LSP ❱ gcc -fsanitize=address temp.c
LSP ❱ ./a.out 
four
there is no word at index 8
LSP ❱ 

---

NOTE for next2 just add:

if( *str == '\0' ) return NULL;

to the first next and names it next2
Also you should check the return value of strdup it may be NULL

Answer 2

This getWord() returns the (n+1)th word of input string:

char * getWord(char * string, int n)
{
        char str[1024] = {'\0'};
        char * delim = " \t";
        char * pch = NULL;
        char * result = NULL;
        int i = 0;

        if (string == NULL)
                return NULL;

        strcpy (str, string);
        pch = strtok (str, delim);
        while (pch != NULL)
        {
                if (i == n)
                        break;
                pch = strtok (NULL, delim);
                i++;
        }

        if (pch != NULL)
        {
                result = (char *)malloc(strlen(pch) + 1);
                if (result == NULL)
                        printf ("Failed to allocate memory\n");
                else
                        strcpy (result, pch);
        }
        return result;
}

If this function returns the result as not NULL, make sure to free the memory allocated to "result" variable in the function which is calling getWord().

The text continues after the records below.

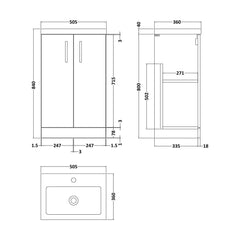 [BFLE034] Bramshall Compact 500mm 2 Door Dark Blue Floor Standing Vanity Unit With Polymarble Basin - Technical Drawing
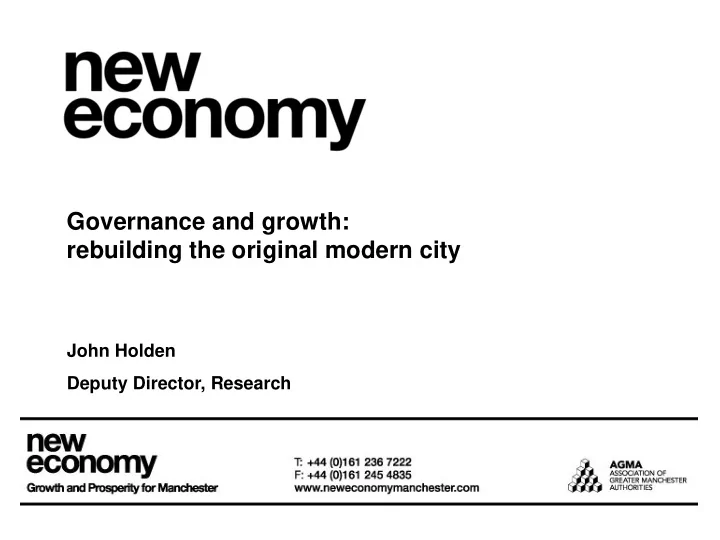 governance and growth rebuilding the original modern city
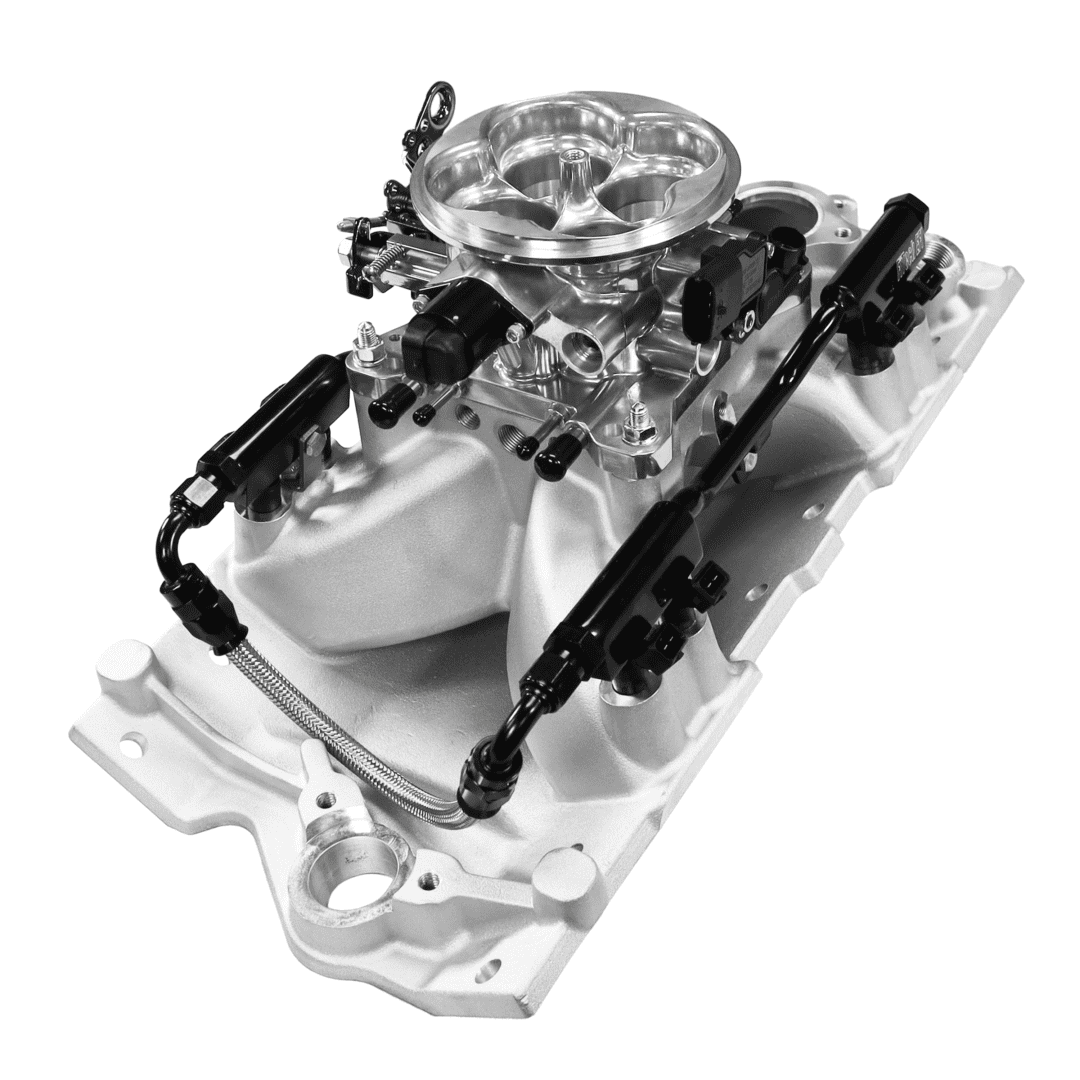 <span style="color:#ED3237;">30-12-610</span><br> Ultra Port, 750 HP Chevy Small Block Port EFI System, 4150 Flange Uni Brilliant Finish Throttle Body, 3-Bar TMAP - Image 3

The main() will look something like this -

int main ()
{
        char * ptr;
        ptr = getWord ("hello you", 1);
        if (ptr != NULL)
        {
                printf ("ptr = %s\n", ptr);
                free(ptr);
        }
        else
                printf ("ptr is NULL");
        return 0;
}

Answer 3

We beginners should help each other.:)

Here you are.

#include <stdio.h>
#include <string.h>

char * getWord(const char *s, size_t n)
{
    while ( ( s += strspn(s, " \t") ) != '\0' && n-- )
    {
        s += strcspn(s, " \t");
    }

    return *s ? (char *)s : (char *)0;
}

int main( void )
{
    char *s = "Hi Adrian. How are you?";
    size_t n = 0;

    for (char *p; (p = getWord(s, n)) != NULL; ++n)
    {
        printf("%zu: %s\n", n, p);
    }

    printf("\nThere are %zu words in the string\n", n);

    return 0;
}

The output of the demonstrative program is

0: Hi Adrian. How are you?
1: Adrian. How are you?
2: How are you?
3: are you?
4: you?

There are 5 words in the string

If you want to get the output like this

0: Hi
1: Adrian.
2: How
3: are
4: you?

There are 5 words in the string

then just rewrite the loop in main the following way

for (char *p; (p = getWord(s, n)) != NULL; ++n)
{
    size_t len = strcspn(p, " \t");
    printf("%zu: %*.*s\n", n, ( int )len, ( int )len, p);
}

Answer 4

This is what you can do

char* get_word (char *string,int req_num)
{
int i;
int ns;//number of spaces
int *sp;
ns=0;
for(i=0;string[i]!='\0';i++)
{
//check for a spaces and increment ns
if (string[i]==' ')
{
++ns;
sp=(int*)realloc(sp,ns*sizeof(int));
sp[ns-1]=(int)&string[i+1];
}
//check what place you have to return
if(req_num>=ns)
return NULL;
else
return (char*)sp[req_num];
}
}

This code is very un-optimized and you can comeup with ways to restructure the code to optimize it to run it faster.